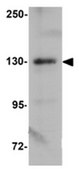 Anti-ZEB1 Antibody from rabbit, purified by affinity chromatography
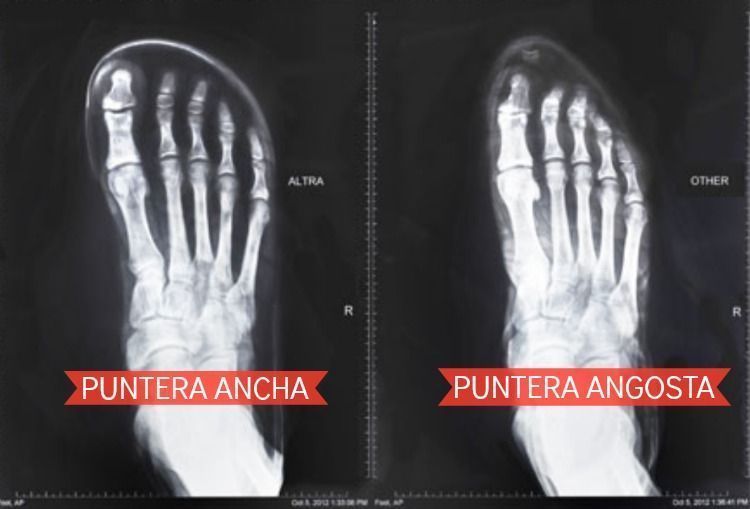 comparación1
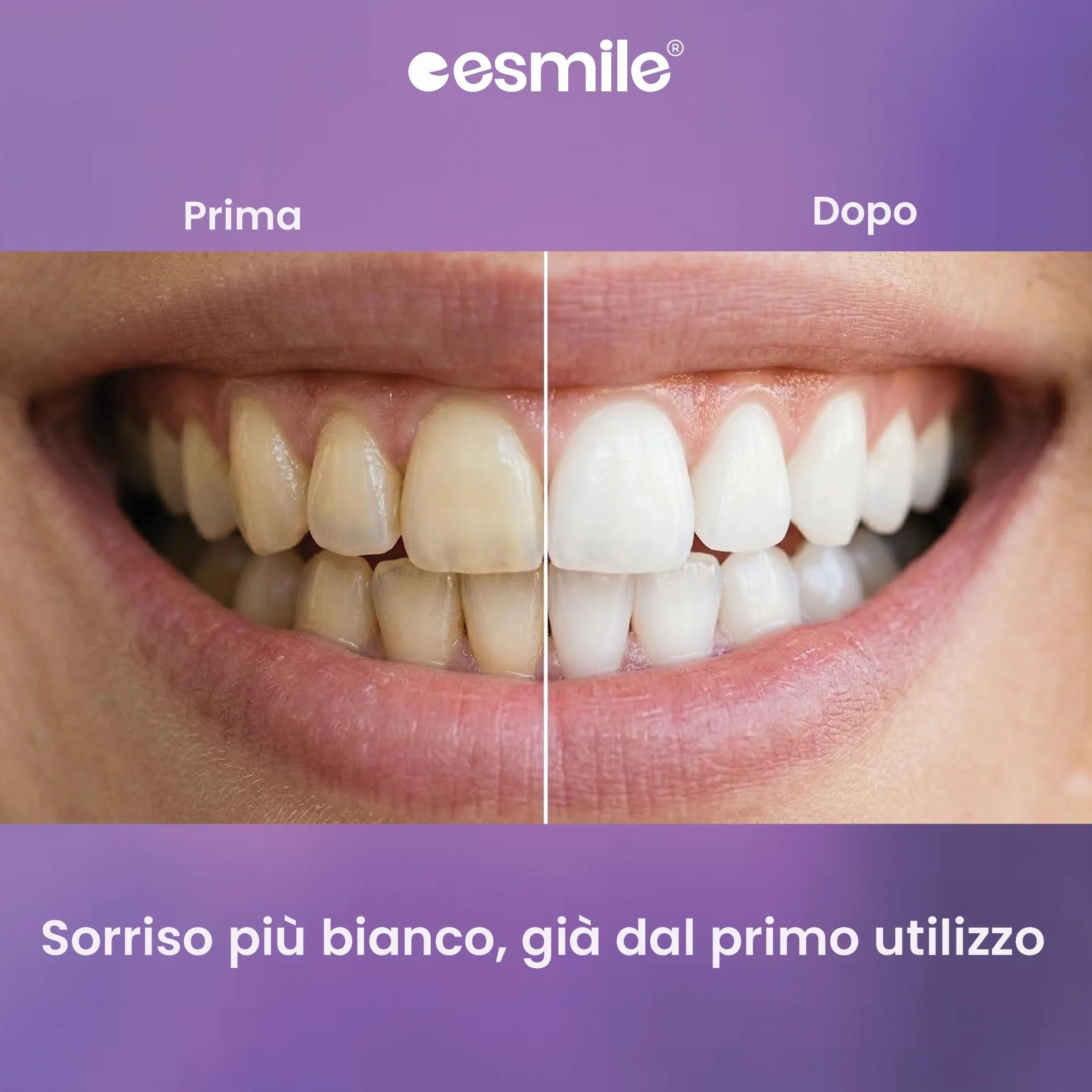ESMILE Polvere Sbiancante Denti Immediato Carbone Attivo Naturale Menta Sbiancamento Professionale Pasta Denti Bianchi 30 gr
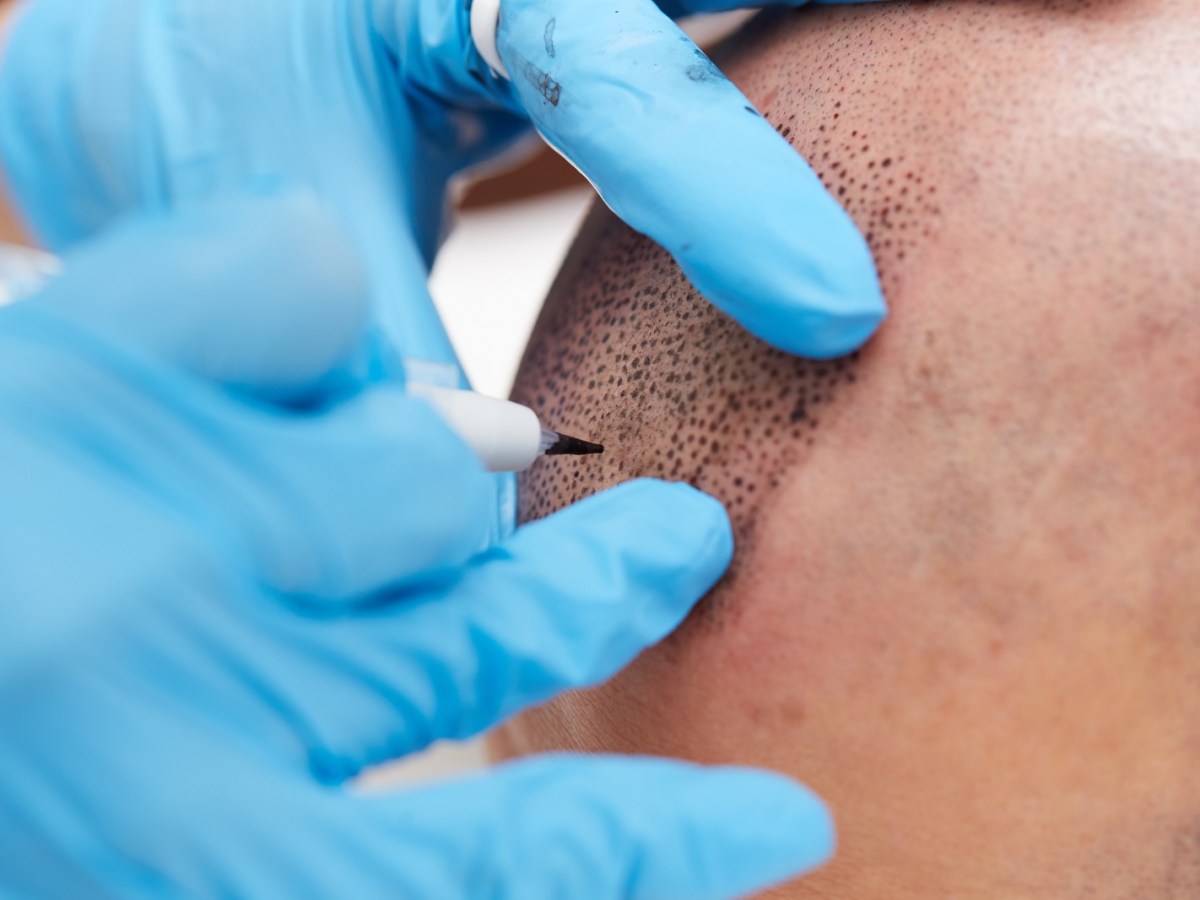 Preparación antes de realizar la tricopigmentación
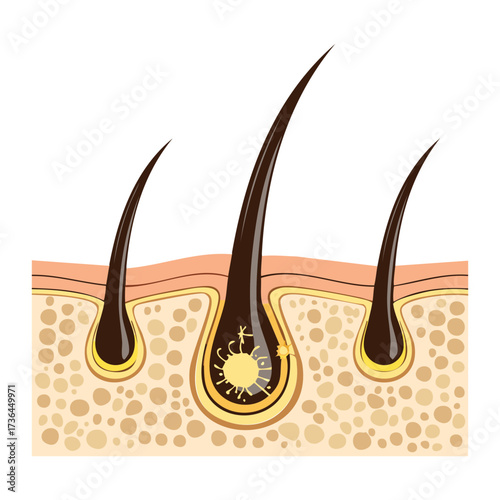 Hair Follicles with Dirt and Bacteria Accumulation at the Base, Indicating Poor Hygiene and Scalp Health Issues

-=-=-

▶ Problem requirements: Take the line containing "ESMILE Polvere Sbiancante" and every line after it up to the end of the data, and write them out exactly, without the pictures.

▶ Task output:
ESMILE Polvere Sbiancante Denti Immediato Carbone Attivo Naturale Menta Sbiancamento Professionale Pasta Denti Bianchi 30 gr
 Preparación antes de realizar la tricopigmentación
 Hair Follicles with Dirt and Bacteria Accumulation at the Base, Indicating Poor Hygiene and Scalp Health Issues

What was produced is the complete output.